━━━━━ DATA SUPPLIED

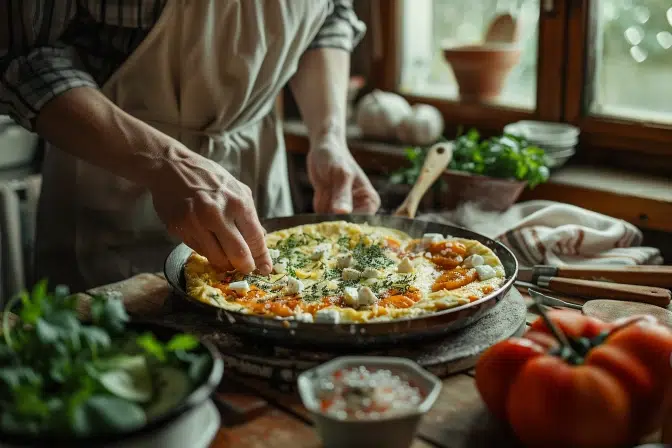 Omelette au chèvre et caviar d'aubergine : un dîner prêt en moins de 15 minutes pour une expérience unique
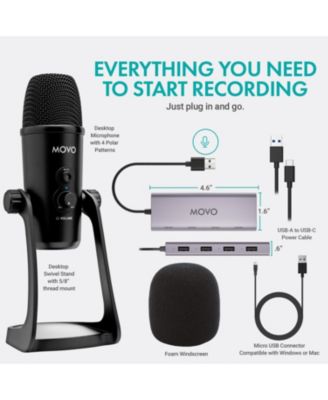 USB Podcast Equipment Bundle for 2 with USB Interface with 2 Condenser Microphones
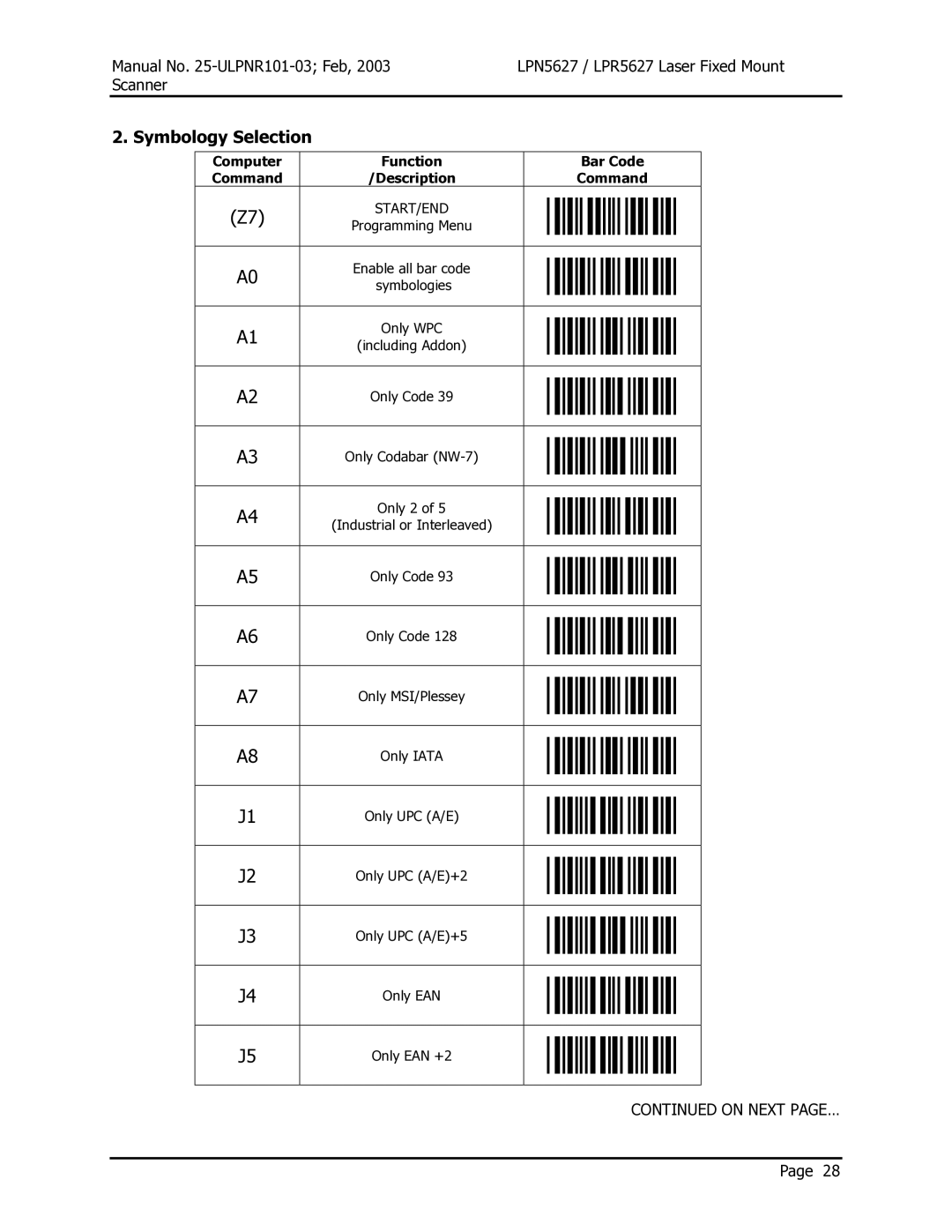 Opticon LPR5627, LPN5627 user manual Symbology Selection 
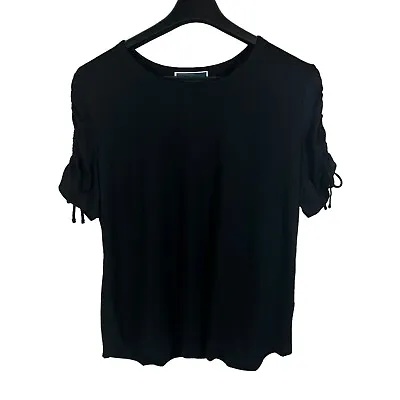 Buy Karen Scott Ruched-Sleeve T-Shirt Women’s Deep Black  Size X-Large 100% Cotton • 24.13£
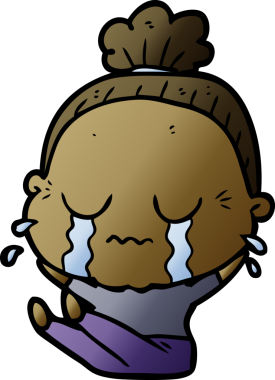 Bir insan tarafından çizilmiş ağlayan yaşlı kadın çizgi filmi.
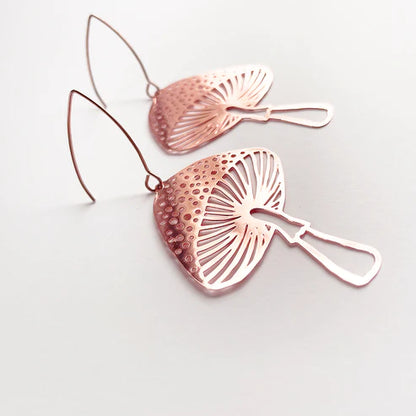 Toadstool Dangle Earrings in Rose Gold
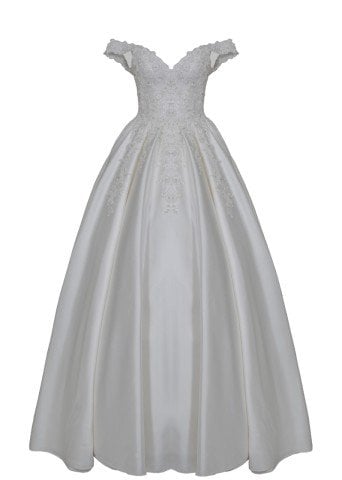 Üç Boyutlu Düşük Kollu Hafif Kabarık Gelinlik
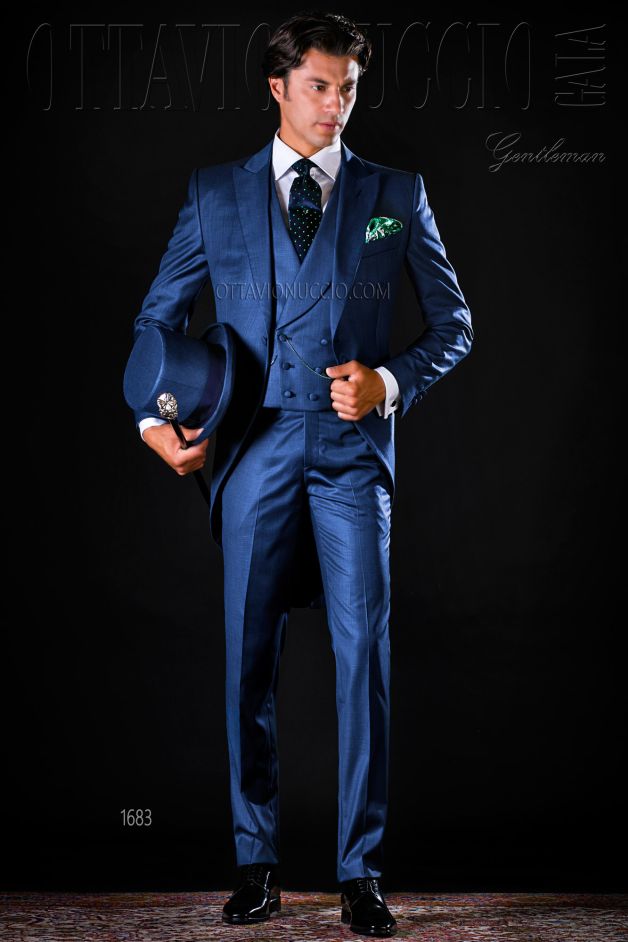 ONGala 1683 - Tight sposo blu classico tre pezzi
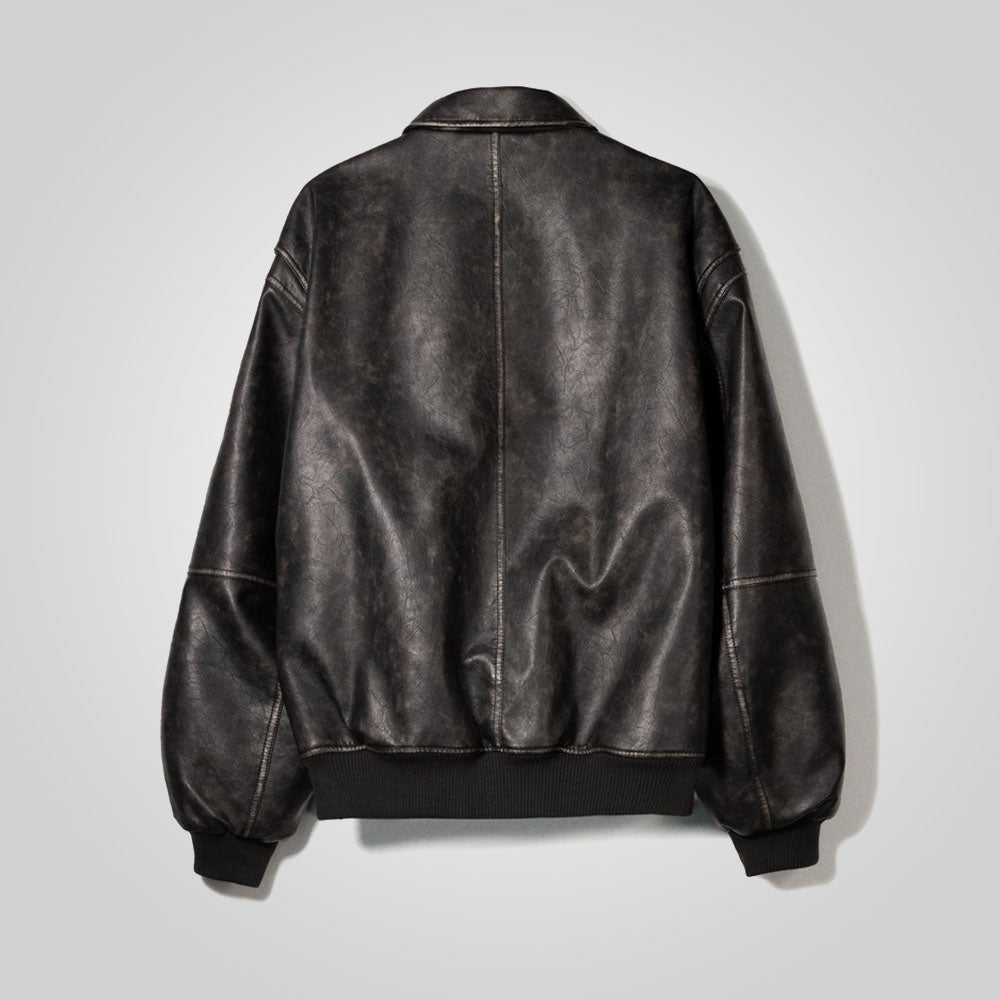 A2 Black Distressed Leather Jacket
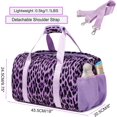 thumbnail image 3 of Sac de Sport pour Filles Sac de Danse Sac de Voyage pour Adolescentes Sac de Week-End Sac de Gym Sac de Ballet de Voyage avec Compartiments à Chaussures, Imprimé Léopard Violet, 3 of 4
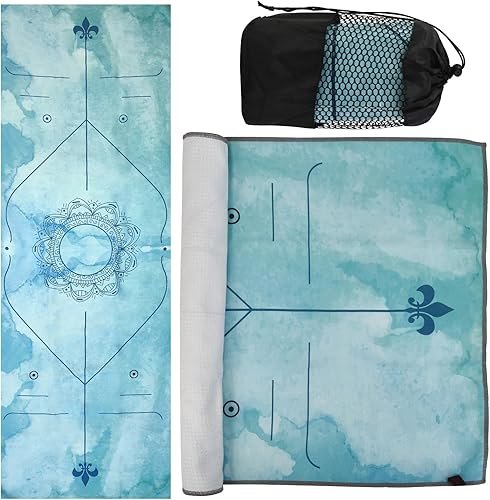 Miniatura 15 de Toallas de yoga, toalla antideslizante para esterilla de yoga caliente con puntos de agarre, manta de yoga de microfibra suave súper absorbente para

━━━━━━━━━━

* EXERCISE DIRECTIONS *
Exactly as written, restate the lines from the one that contains "Toadstool Dangle Earrings in Rose Gold" through the final line of the data, both ends included, but leave out the pictures.

* OUTPUT FOR THIS EXERCISE *
 Toadstool Dangle Earrings in Rose Gold
 Üç Boyutlu Düşük Kollu Hafif Kabarık Gelinlik
 ONGala 1683 - Tight sposo blu classico tre pezzi
 A2 Black Distressed Leather Jacket
 thumbnail image 3 of Sac de Sport pour Filles Sac de Danse Sac de Voyage pour Adolescentes Sac de Week-End Sac de Gym Sac de Ballet de Voyage avec Compartiments à Chaussures, Imprimé Léopard Violet, 3 of 4
 Miniatura 15 de Toallas de yoga, toalla antideslizante para esterilla de yoga caliente con puntos de agarre, manta de yoga de microfibra suave súper absorbente para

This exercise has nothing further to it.